When two graphene sheets are rotationally misaligned (i.e., twisted) by approximately one degree and stacked together, the resulting bilayer exhibits various correlated, superconducting, and topological electronic phases. The origin of these distinctive phases, emerging at this particular twist angle, can be traced back to the weakly dispersive ('flat') electronic bands in which the kinetic energy of electrons is heavily suppressed, and interactions between electrons dominate.

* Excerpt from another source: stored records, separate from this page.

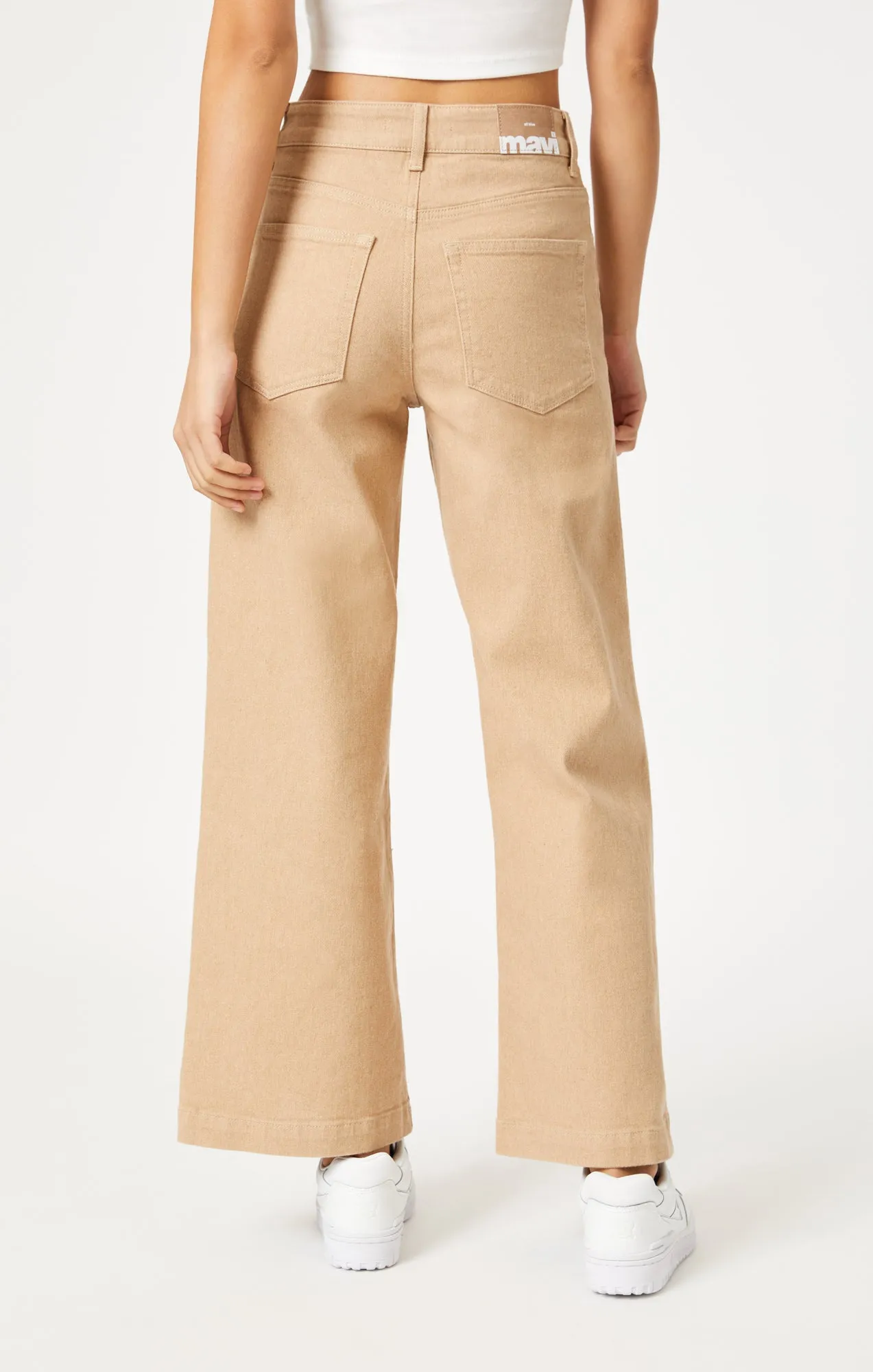 PALOMA WIDE LEG IN NATURAL SAND DENIM sold by Mavi product image thumbnail 5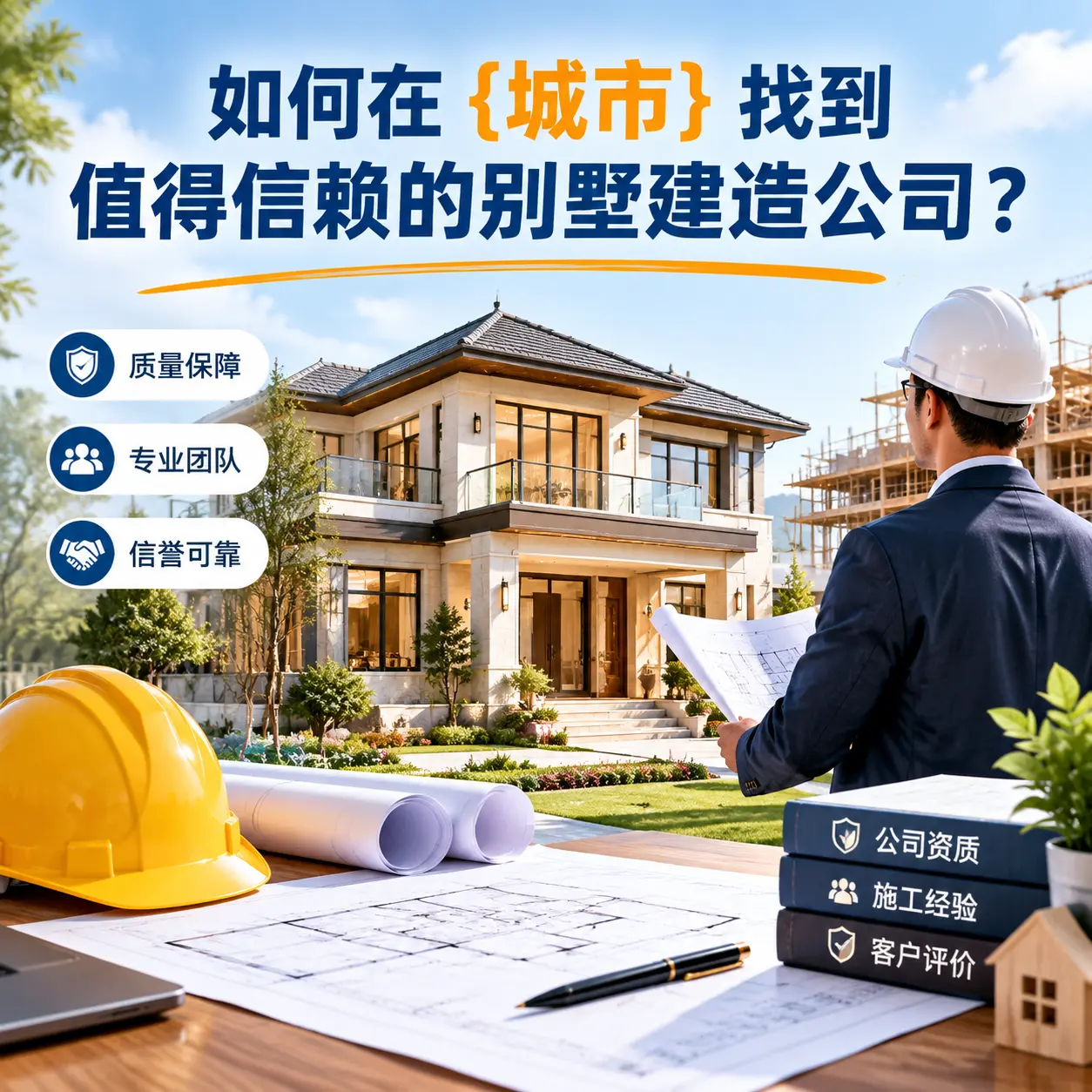 如何在 仁怀 找到值得信赖的别墅建造公司？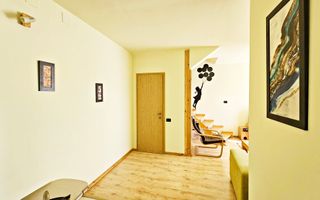 Central str Toamnei- CEC Brasov,3camere mobilat - Poză 4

In this talk, I will discuss several experiments providing insights into the electronic phases, band structure and symmetry breaking effects in twisted bilayer graphene obtained using scanning tunneling microscopy and cryogenic transport measurements. Then, I will give an overview of other graphene-based correlated and superconducting systems recently discovered in our lab, highlighting their striking similarities and differences. Besides twisted bilayers, we will discuss signatures of strong correlations and unconventional superconductivity in twisted tri-, quadri-, and penta-layers and compare these findings to the measurements of untwisted structures that can exhibit similar phenomenology in strong displacement fields. Finally, I will share thoughts on future opportunities in this research field and the potential of these materials for quantum science applications.
More about the Speaker:
Stevan Nadj-Perge joined Caltech in 2016 as an Assistant Professor of Applied Physics and Materials Science after obtaining his PhD at Delft University of Technology in the Netherlands and postdoctoral training at Princeton and Delft. His lab uses scanning tunneling microscopy and transport measurements to study novel electronic phases that emerge in carefully designed nanostructures due to the interplay of superconductivity, spin-orbit effects and strong electron-electron interactions.
Lately, his research has focused on two-dimensional materials and moiré systems. For his work, he received numerous awards, including the National Science Foundation Career Award, Alfred P. Sloan Fellowship, KNI-Wheatley Scholar, and Marko Jaric Award.